Instructions for the task: Tally up the lines below that include the word "Machine". Answer with the number alone.
......
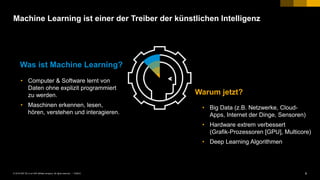 9PUBLIC© 2018 SAP SE or an SAP affiliate company. All rights reserved. ǀ
Machine Learning ist einer der Treiber der künstlichen Intelligenz
• Computer & Software lernt von
Daten ohne explizit programmiert
zu werden.
• Maschinen erkennen, lesen,
hören, verstehen und interagieren.
Was ist Machine Learning?
• Big Data (z.B. Netzwerke, Cloud-
Apps, Internet der Dinge, Sensoren)
• Hardware extrem verbessert
(Grafik-Prozessoren [GPU], Multicore)
• Deep Learning Algorithmen
Warum jetzt?
 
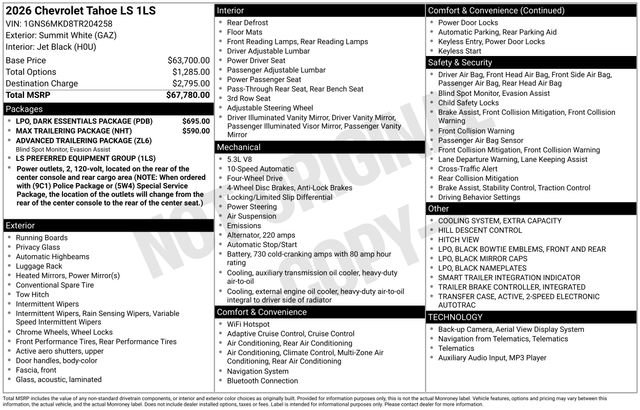 New 2026 Chevrolet Tahoe LS w/ LPO, Dark Essentials Package image 5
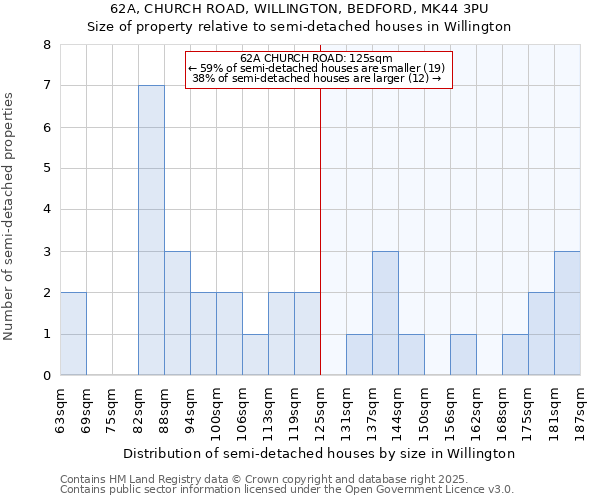 62A, CHURCH ROAD, WILLINGTON, BEDFORD, MK44 3PU: Size of property relative to semi-detached houses houses in Willington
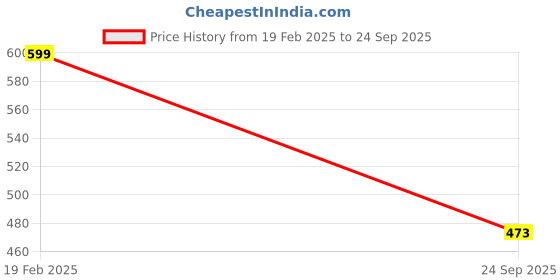 ajio.com max Women Acid Wash Athleisure T-shirt max Price History Graph from 19 Feb 2025 to 24 Sep 2025
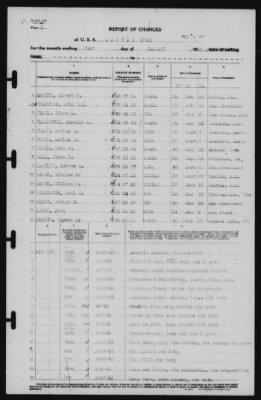 Thumbnail for Report of Changes > 31-Jan-1941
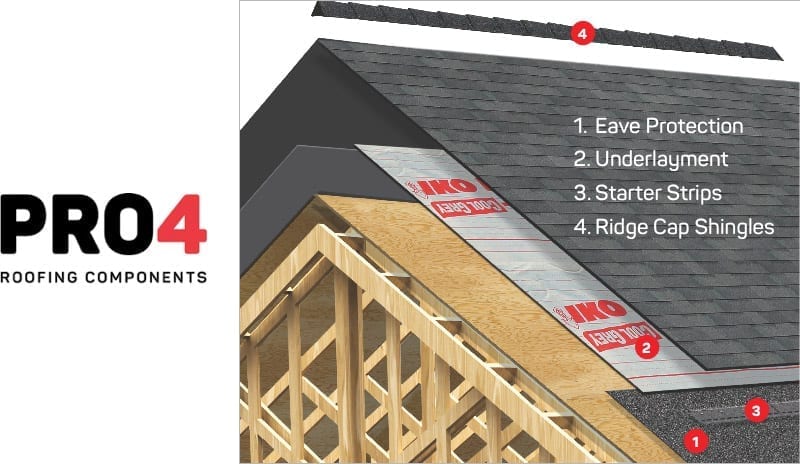 IKO’s PROFORMAX Accessories and the various roof system elements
......
Written answer: 2